Sebuah bola api melesat jatuh dan hampir mengenai bahu seorang Pelatih Sementara. Murid-murid baru yang tersisa menjerit-jerit dan berlari serabutan ke pintu keluar lapangan dengan panik.
Venus, menatap semuanya dengan kebingungan yang bodoh, hanya berdiri di sana tanpa melakukan apa-apa. Ia terlampau terkejut hingga seperti mati rasa, seakan ada pasak tak kasat mata yang menahan kakinya untuk tetap diam di sana.
“Ven!” teriak Virzash kalut. “Apa yang kau lakukan?! Ayo, lari!”
Teriakan Virzash terdengar membingungkan di telinga Venus. Anak perempuan itu masih tak tahu apa yang membuat semua orang begitu panik. Pandangannya terarah ke atas, tempat bola api tadi berasal.
Sedetik kemudian, Venus berdengap.
Belasan sosok berapi tampak melayang berputar-putar di seantero lapangan. Bentuk mereka seperti kepala setan yang terbakar. Hidung mereka hanya berupa celah gelap, mulut mereka menyeringai dan menunjukkan gigi-gigi hitam bersaput api. Mata makhluk-makhluk itu sewarna kegelapan, dengan telinga panjang nan runcing seperti gambaran iblis dari neraka. Salah satu sosok itu terpelesat di depan Venus. Hawa panas dan mencekam tiba-tiba membuat dada Venus terasa sesak.

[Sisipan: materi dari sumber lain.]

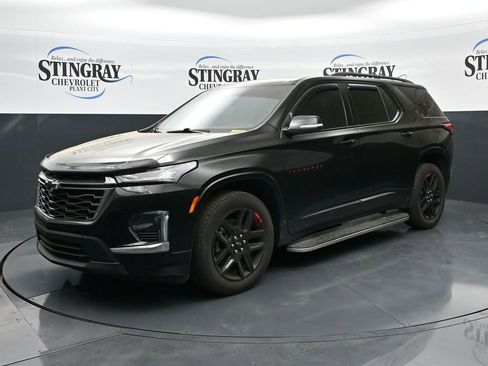 Used 2023 Chevrolet Traverse Premier w/ Redline Edition image 3
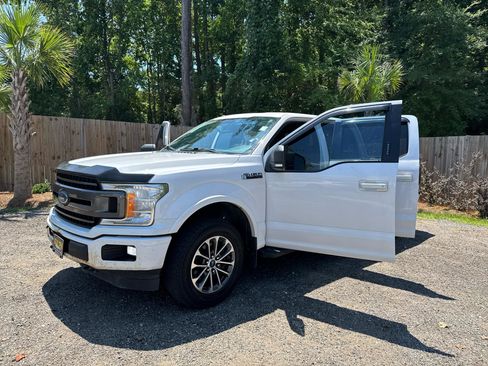 Used 2018 Ford F150 XLT w/ Equipment Group 301A Mid AWD/4WD image 12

“Merekakah yang kau maksud dengan kepala setan terbang waktu itu?” tanya Venus gugup pada si cowok bayi yang kini berwajah pucat.
“Jangan pernah merasa takut, oke?” ujar Virzash ketakutan. “Bantuan akan datang.”

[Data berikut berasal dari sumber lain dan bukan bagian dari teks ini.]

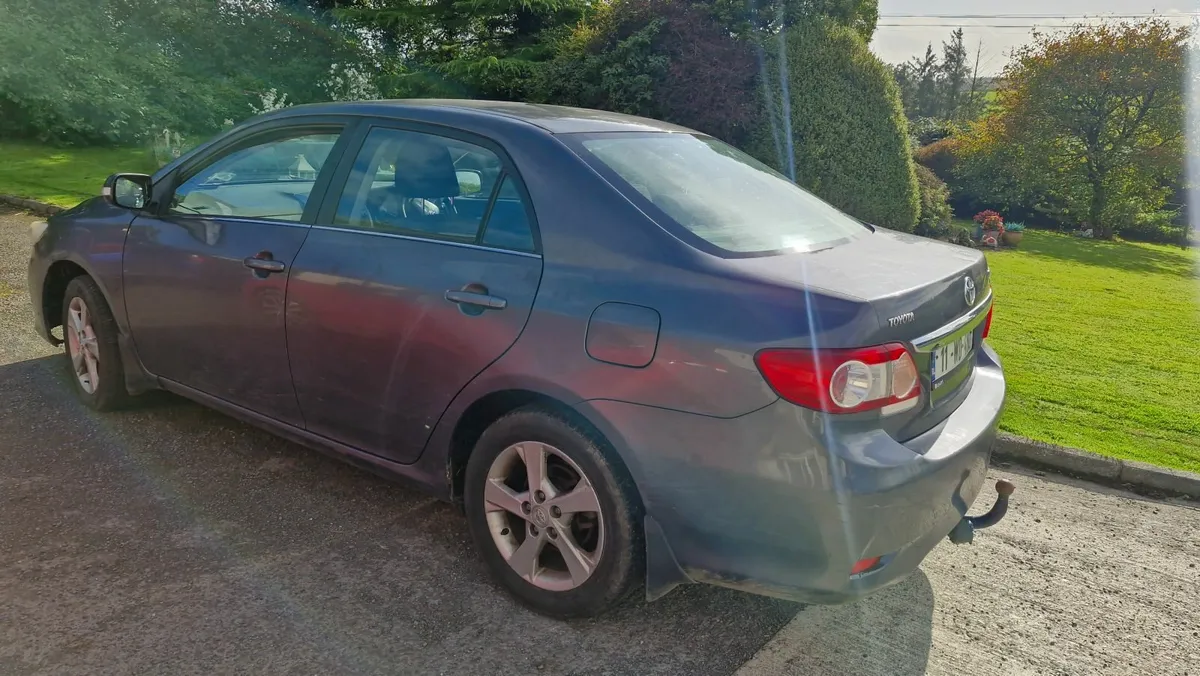 Toyota Corolla 2011 - Image 1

Venus menatapnya dengan aneh. Sejauh ini, Venus hanya melihat Pak Zub seorang, lain tidak.
“AWAS!”
Venus melongok tepat ketika sebuah bola api meluncur ke arah Virzash dari belakang. Segalon air menyembur bola neraka itu dengan begitu keras. Kedua murid istimewa itu menunduk saat percikan air berhawa panas membasahi tubuh mereka.
Pak Zub berlari menghampiri kedua anak itu dan mengutuk mereka habis-habisan.
“Apa yang kalian lakukan di sini?!” hardik sang pelatih berang.
“Venus cuma berdiri dan tidak mau lari, Pak!” Virzash mengadu dengan wajah lebih pucat, tangannya tampak bergetar.
“Virzash, kau tahu kau tidak boleh takut, kan?” Pak Zub mengingatkan dengan keras. “Cepat pergi dari sini!”
Pak Zub membuat selubung dari air untuk melindungi tubuh Virzash. Bocah berwajah bayi itu lantas berlari sekencang yang ia bisa menuju pintu keluar.
“Kenapa kita tidak boleh takut?” selidik Venus penasaran.
Pak Zub menatap gadis itu dengan kegalakan luar biasa.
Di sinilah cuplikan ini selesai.